Abstract

Machine learning methods are widely used in Android malware detection, but carefully scrambled adversarial samples can effectively evade detection. Counter-defence methods such as retraining and ensemble learning have high training costs and significant errors. This paper proposes a novel Android malware detection system, KFFPDet, to detect adversarial samples. It can detect adversarial samples efficiently. Firstly, this paper uses K-Nearest Neighbor (KNN) as the primary detection algorithm. In addition, this paper proposes a three-stage adversarial sample detection method, which saves the detection cost and reduces the error through prior knowledge. In the first stage, the frequency difference between benign typical features and malicious typical features is used to filter adversarial samples.
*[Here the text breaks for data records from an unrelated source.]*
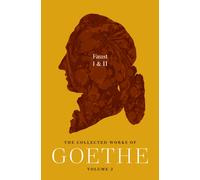 Faust I & II : The Collected Works of Goethe, Volume 2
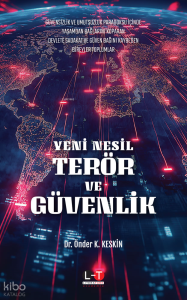 Yeni Nesil Terör Ve Güvenlik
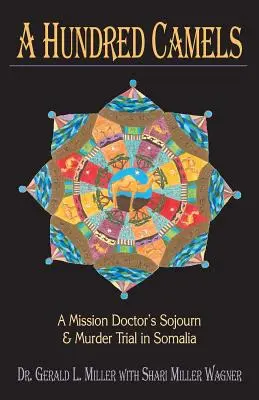 Cent chameaux : Le séjour d'un médecin en mission et son procès pour meurtre en Somalie - A Hundred Camels: A Mission Doctor's Sojourn and Murder Trial in Somalia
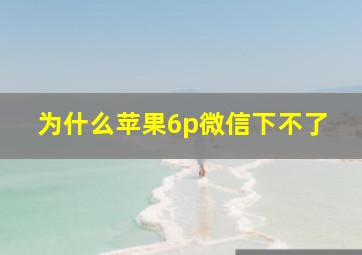 为什么苹果6p微信下不了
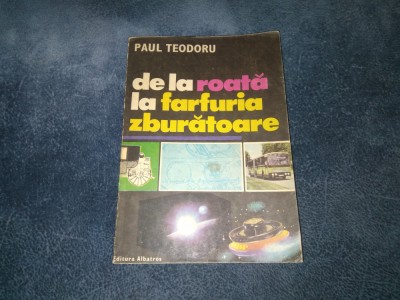 PAUL TEODORU - DE LA ROATA LA FARFURIA ZBURATOARE foto
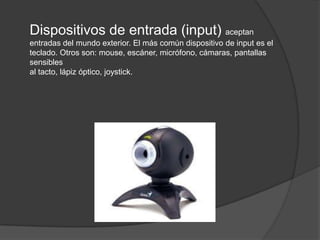 Dispositivos de entrada (input) aceptan
entradas del mundo exterior. El más común dispositivo de input es el
teclado. Otros son: mouse, escáner, micrófono, cámaras, pantallas
sensibles
al tacto, lápiz óptico, joystick.
 
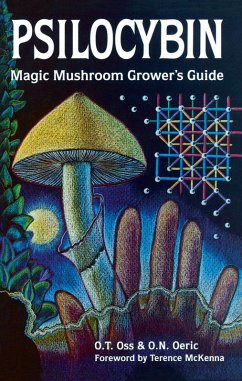 Psilocybin: Magic Mushroom Grower's Guide (eBook, ePUB) - Oss, O. T.; Oeric, O. N.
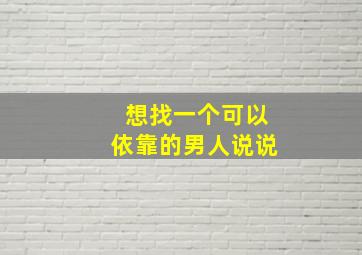 想找一个可以依靠的男人说说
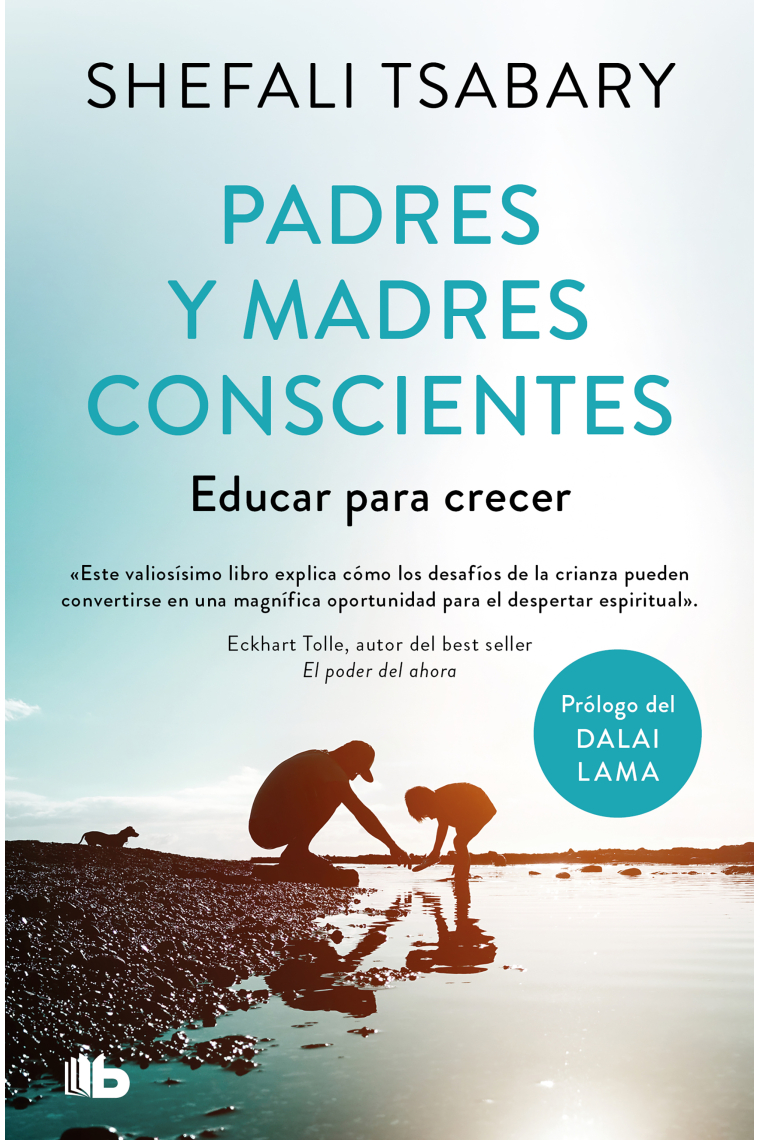 Padres y madres conscientes. Educar para crecer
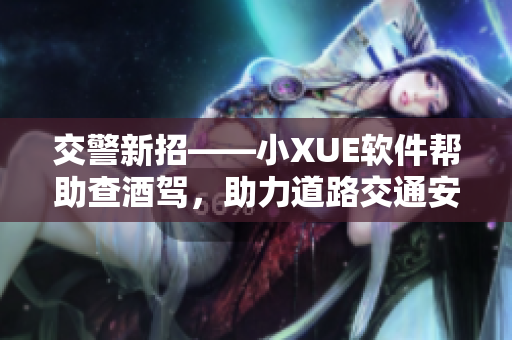 交警新招——小XUE软件帮助查酒驾，助力道路交通安全！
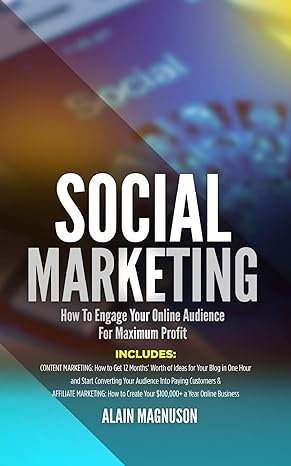social marketing how to engage your online audience for maximum profi 1st edition alain magnuson 1724827987,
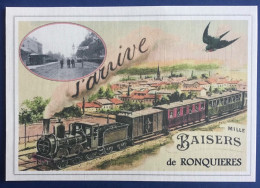 Ronquieres : J’arrive Mille Baisers De Ronquieres ( La Gare ) - Braine-le-Comte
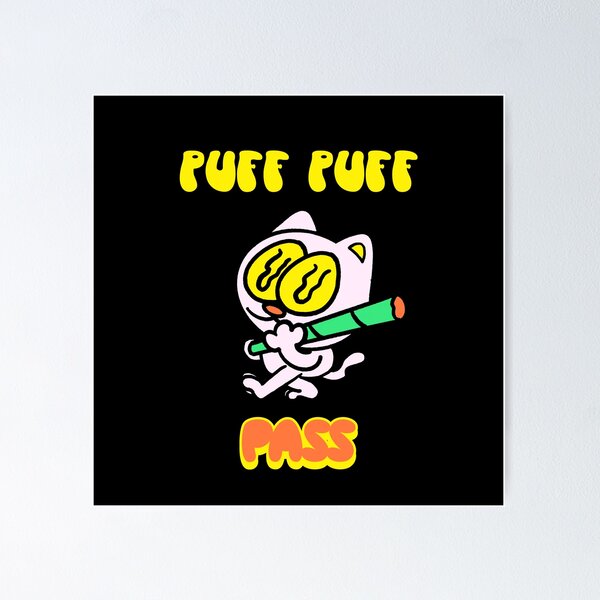 Puff puff pass Poster for Sale by Crooked Skull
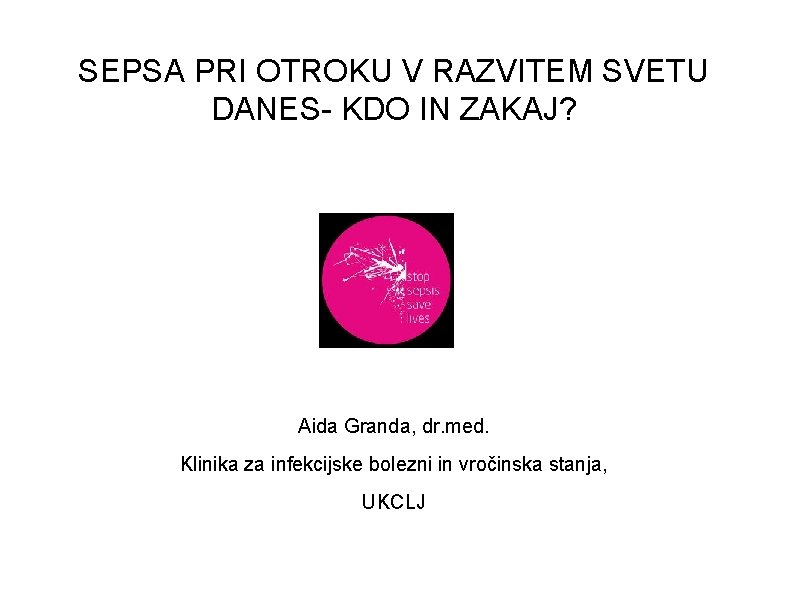 SEPSA PRI OTROKU V RAZVITEM SVETU DANES- KDO IN ZAKAJ? Aida Granda, dr. med.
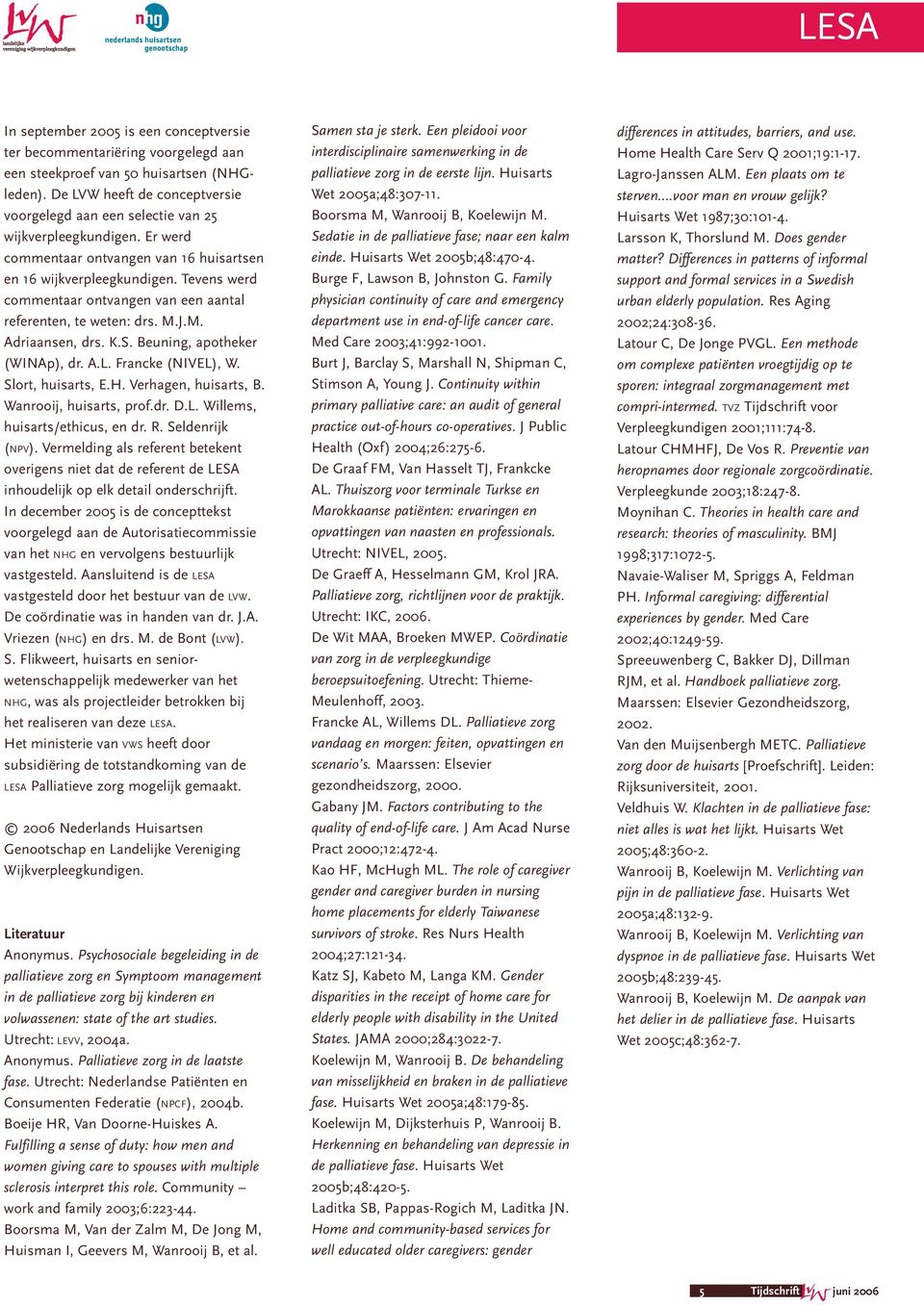 Tevens werd commentaar ontvangen van een aantal referenten, te weten: drs. M.J.M. Adriaansen, drs. K.S. Beuning, apotheker (WINAp), dr. A.L. Francke (NIVEL), W. Slort, huisarts, E.H.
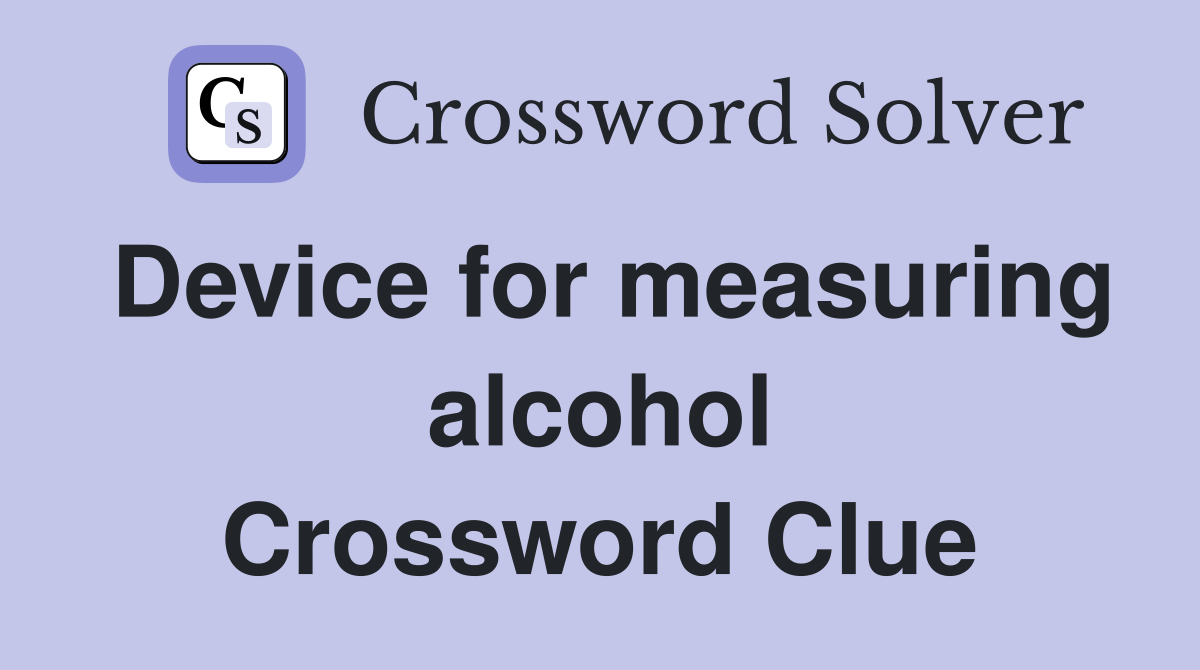 Device for measuring alcohol Crossword Clue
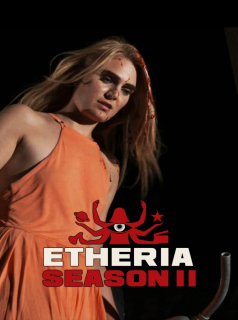 Etheria Saison 2 en streaming français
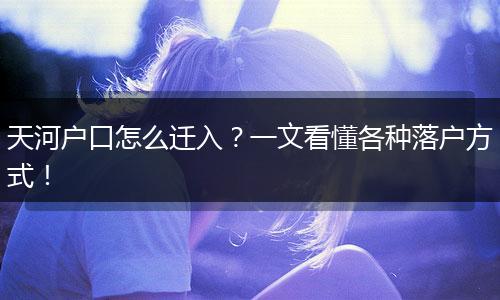 天河户口怎么迁入?一文看懂各种落户方式!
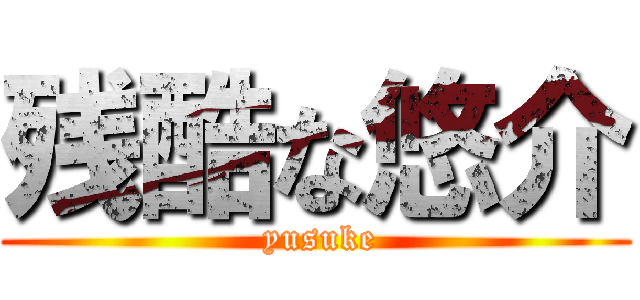 残酷な悠介 ( yusuke)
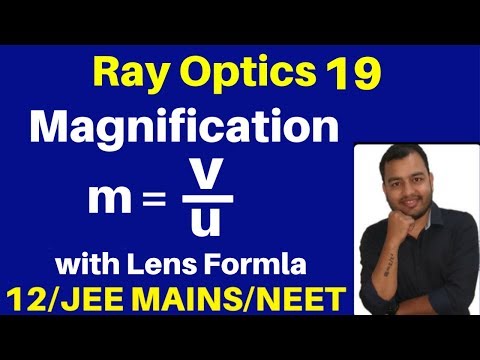 Ray Optics 19 : Magnification - Magnification & Len's Formula with Best Numericals JEE/NEET Video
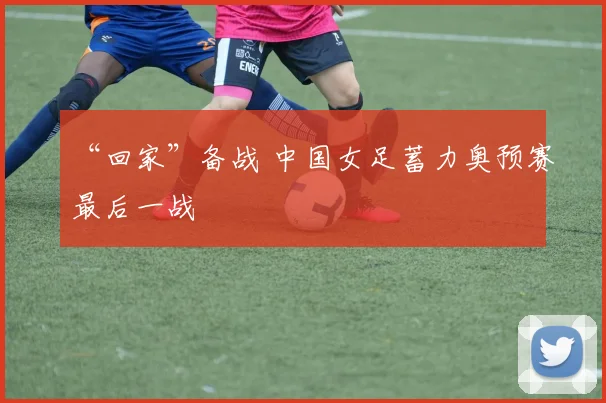 “回家”备战 中国女足蓄力奥预赛最后一战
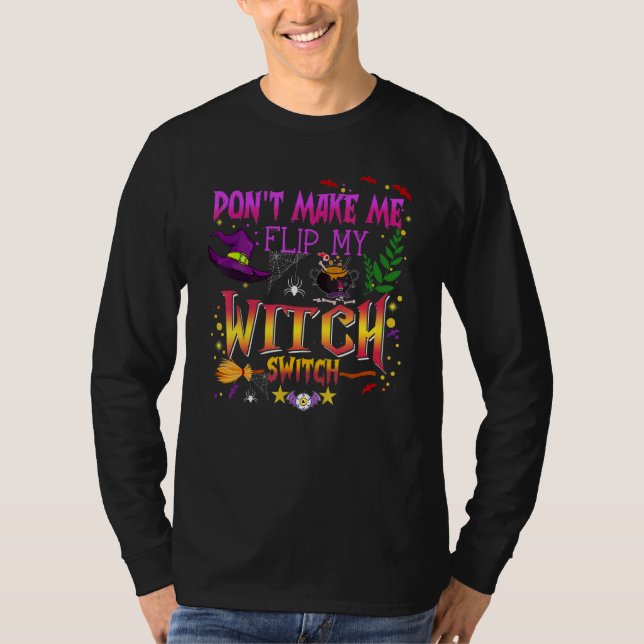 Don't Make Me Flip My Witch Switch Halloween_14 T-Shirt (Front)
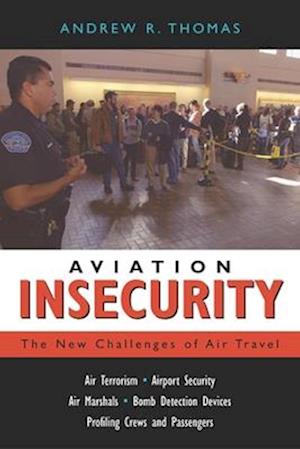 AVIATION INSECURITY: THE NEW CHALLENGES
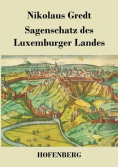 Sagenschatz des Luxemburger Landes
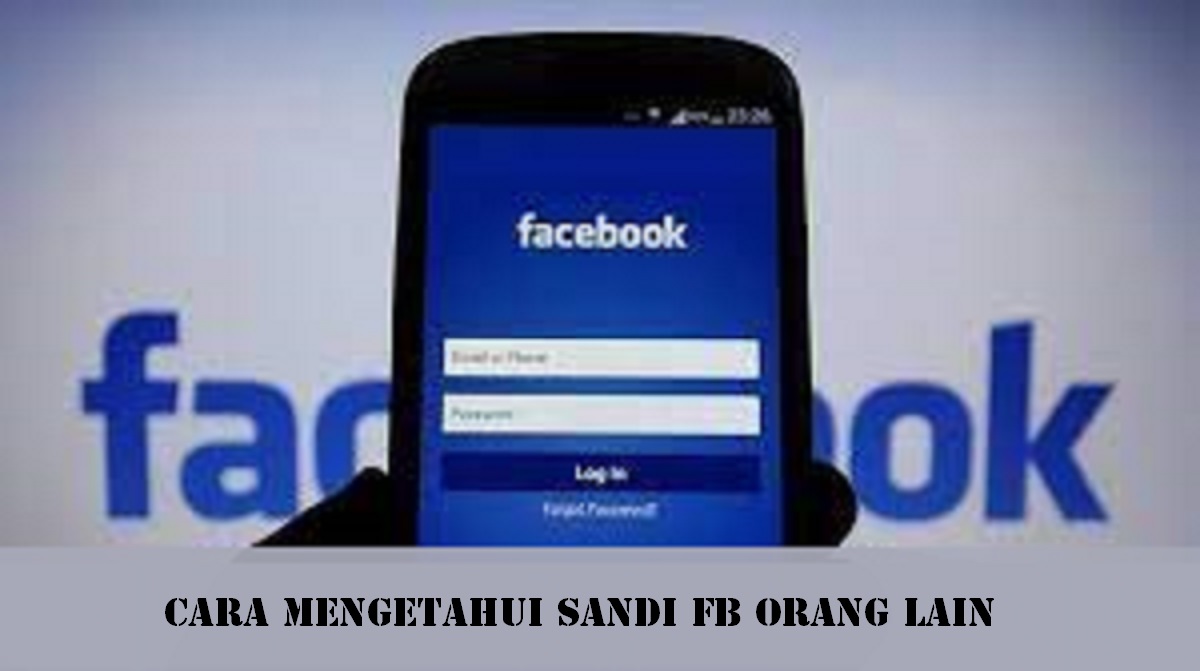 cara mengetahui kata sandi fb orang lain terbaru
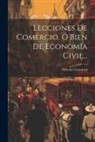 Antonio Genovesi - Lecciones De Comercio, Ó Bien De Economía Civil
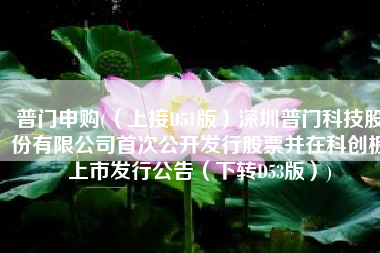 普门申购(（上接D51版）深圳普门科技股份有限公司首次公开发行股票并在科创板上市发行公告（下转D53版）)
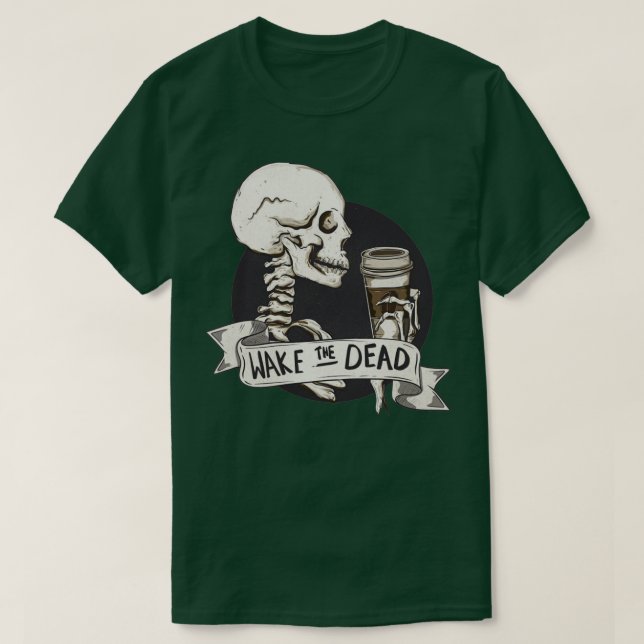 Camiseta Despertar a los muertos (Diseño del anverso)
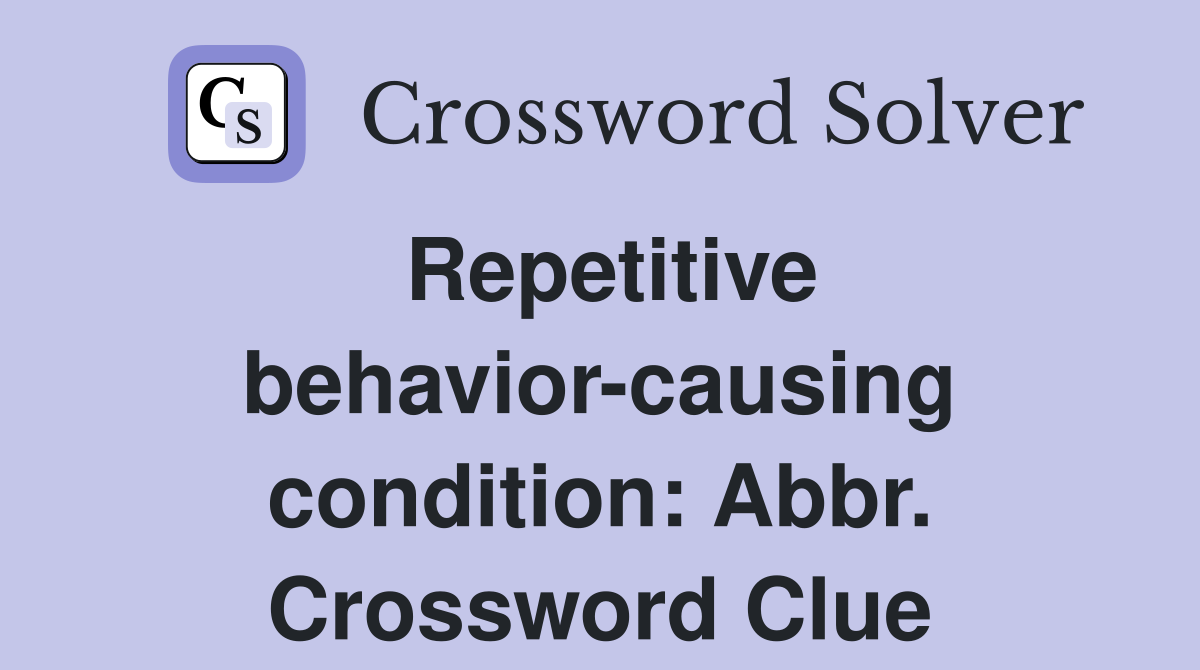 Repetitive behavior-causing condition: Abbr. Crossword Clue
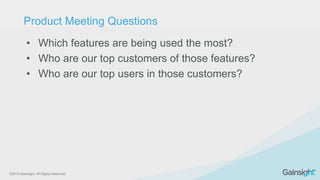 ©2015 Gainsight. All Rights Reserved.
• Which features are being used the most?
• Who are our top customers of those features?
• Who are our top users in those customers?
Product Meeting Questions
In the second stage, the feature continuous values of benign typical features are used for adversarial sample filtering. The third stage filters adversarial samples by detecting isolation permissions and application programming interface (API). Experiments on various benchmark datasets verify the detection effect of KFFPDet. KFFPDet achieves 96% accuracy of adversarial sample detection on the VirusShare dataset. Compared with other advanced methods, KFFPDet ’s adversarial sample detection accuracy is improved by 4.43% to 94.53%. The experimental results show that the proposed three-stage adversarial sample detection method is useful and will help design a more effective adversarial sample detection scheme.